With the first edition of his book, The Finish, published in October 2012, journalist Mark Bowden was compelled to include an insert explaining discrepancies between his account and Bissonnette's, which had been published the prior month. "I assume [his] account is accurate though the account here was reviewed at the highest level of Special Forces Command and confirmed as accurate before the book went to press," Bowden wrote. From his book:

Three SEALs came up those stairs, scanning different angles, searching while protecting each other. The first man up spotted a tall, bearded, swarthy man in a prayer cap wearing traditional flowing Pakistani clothes, the knee-length skirt worn over pajama-like bottoms. The man retreated quickly and the SEAL followed, with the other two close behind. As the first entered the bedroom he saw bin Laden, but first had to contend with Amal, who shouted and moved in front of her husband. The SEAL knocked her aside as his teammate shot bin Laden in the chest. The Sheik fell over backward, faceup. The SEAL who had shot bin Laden was over him instantly and shot him once more through the left eye.

Account #6
OBL shot by: One SEAL, with three shots to the forehead

Journalist Phil Bronstein's much-discussed story, recently published by Esquire and the Center for Investigative Reporting, relied on a series of interviews with a source identified only as "the Shooter." It was billed as "the most definitive account of those crucial few seconds when bin Laden was killed." Bronstein noted: "Not in dispute is the fact that others have claimed that they shot bin Laden when he was already dead, and a number of team members apparently did just that." The story offered yet another version of the kill shots, in the Shooter's own words:

I'm just looking at him from right here [he moves his hand out from his face about ten inches]. He's got a gun on a shelf right there, the short AK he's famous for. And he's moving forward. I don't know if she's got a vest and she's being pushed to martyr them both. He's got a gun within reach. He's a threat. I need to get a head shot so he won't have a chance to clack himself off [blow himself up].

In that second, I shot him, two times in the forehead. Bap! Bap! The second time as he's going down. He crumpled onto the floor in front of his bed and I hit him again, Bap! same place. That time I used my EOTech red-dot holo sight. He was dead. Not moving. His tongue was out. I watched him take his last breaths, just a reflex breath…

His forehead was gruesome. It was split open in the shape of a V. I could see his brains spilling out over his face. The American public doesn't want to know what that looks like.

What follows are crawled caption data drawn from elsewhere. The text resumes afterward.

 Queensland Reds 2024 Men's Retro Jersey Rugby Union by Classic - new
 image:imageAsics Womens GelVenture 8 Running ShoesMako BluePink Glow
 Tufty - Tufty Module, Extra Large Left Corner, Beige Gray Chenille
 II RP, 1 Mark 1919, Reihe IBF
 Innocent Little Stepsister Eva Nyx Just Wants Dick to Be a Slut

Unsurprisingly, Zero Dark Thirty uses its own amalgamation of similar details for bin Laden's final moments, and then some. (Look for the SEAL trying to soothe a child terrified by the carnage with a glow stick.) But the filmmakers apparently agreed with the Shooter's sentiment: They never give viewers a direct look at bin Laden's dead visage. (The Obama White House also refused to provide one to the public.) As the credits rolled at the screening I attended in San Francisco, an audience member behind me commented, "I wonder how much of it was true." With a laugh, his friend replied: "Well, they say the whole thing is."
http://www.motherjones.com/politics/2013/02/zero-dark-thirty-osama-bin-laden-seals

2. No Easy Day (an autobiographic account of the raid of a Navy seal actually involved in the operation)
It's interesting that you consider this a reliable source when it has been disputed by other Navy Seals and was almost certainly given some 'masala' to make it suitable for the general public and some redaction to make sure it aligns with the Official narrative.

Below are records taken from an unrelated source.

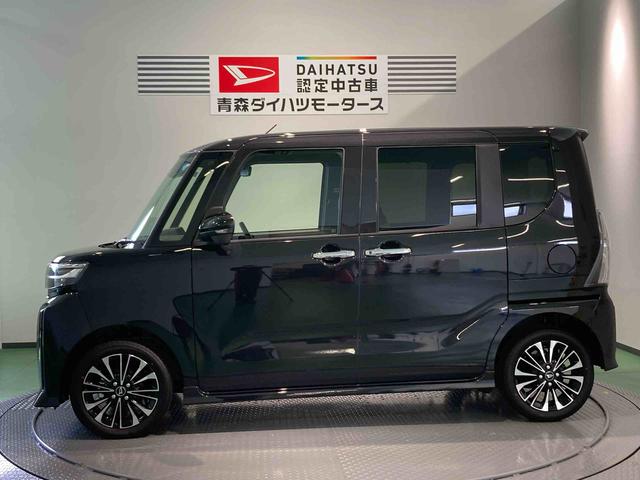 タントカスタムRSリミテッドナビ ETC パワーウィンドウ 前席シートヒーター オートマチックハイビーム 下回り防錆済み キーフリー 4WD スマートキー ターボ(青森県)の中古車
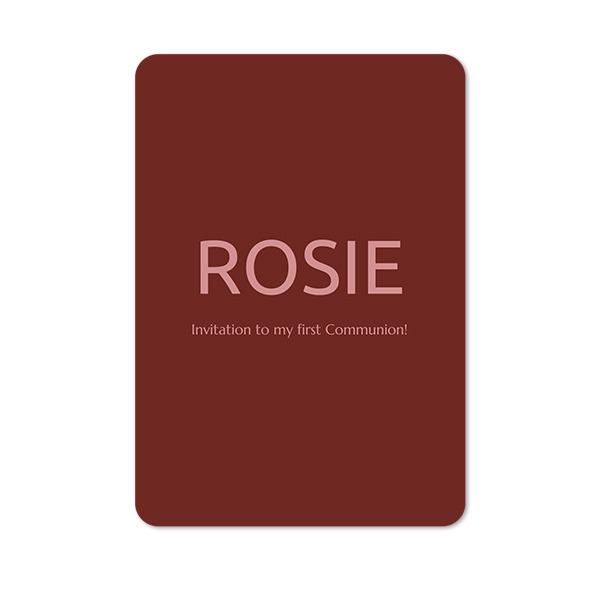 Single Card portrait rounded corners 10 x 14,3 cm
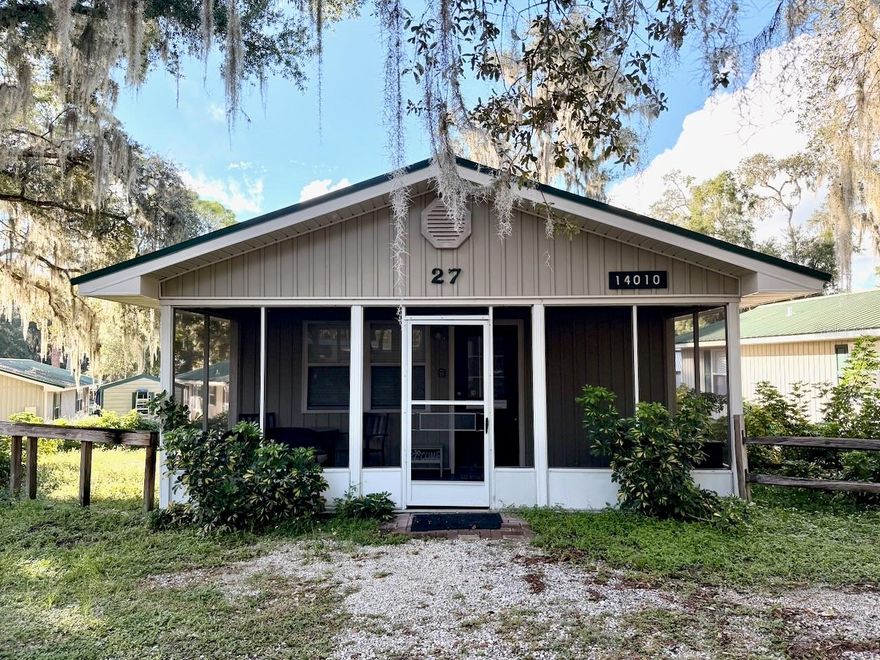 Stylish, fully remodeled 2 bedroom, 1 bath cottage in The Cottages at Salt Springs Resort offering 672 sq ft of efficient, open-concept living in the heart of Salt Springs, FL. This updated home features modern finishes throughout and a functional layout ideal for a full-time residence, weekend retreat, or income-producing vacation rental, and may be sold fully furnished with an acceptable offer for a truly turnkey opportunity. Located in a sought-after resort community, residents enjoy access to multiple pools, clubhouse, tennis courts, playground, dog park, and direct access to Little Lake Kerr for boating, fishing, and water recreation. Surrounded by the Ocala National Forest and just minutes to natural springs, hiking and biking trails, this property offers the perfect blend of relaxation and outdoor adventure while still within reach of Central Florida attractions and beaches. Whether you’re searching for a low-maintenance getaway, investment property, or affordable Florida retreat, this move-in ready cottage presents a rare opportunity in one of Salt Springs’ most desirable resort-style communities.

And how would a Navy Seal know how the CIA got the intel? Compartmentalisation is usually an important part of such operations. And the CIA has been known to go further than that. If he did know the truth, he wouldn't openly state it in his book. He's already had to forfeit a lot of the money he made off it because he didn't get it approved properly by the Pentagon:
https://www.nytimes.com/2016/08/20/us/bin-laden-book-seal-team-6.html
Think about it.
I've thought about it enough. It's your turn.

My scepticism isn't based solely on what Hersh says - the US official account is simply full of holes.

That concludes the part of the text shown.